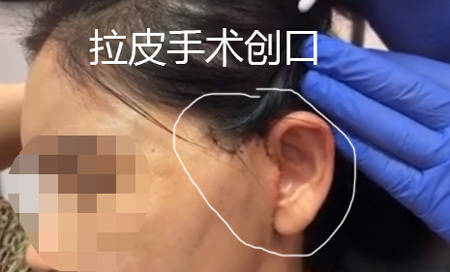赶紧看！筋膜提升术是什么？筋膜提升和线雕有什么不一样？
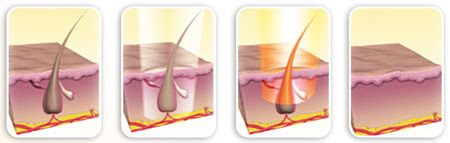 لیزر کل بدن چند جلسه است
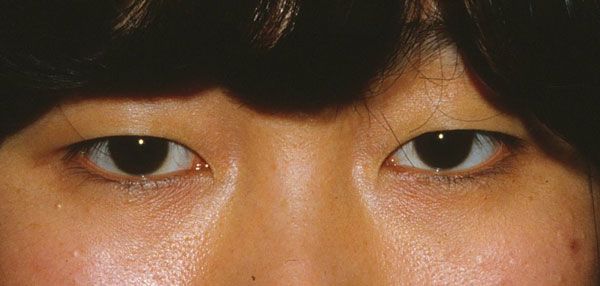 blepharoplasty in asian patient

▶ [What needs to be done] Reproduce the material above in full, exactly, with no images.

▶ [Solution to this task]
赶紧看！筋膜提升术是什么？筋膜提升和线雕有什么不一样？
 لیزر کل بدن چند جلسه است
 blepharoplasty in asian patient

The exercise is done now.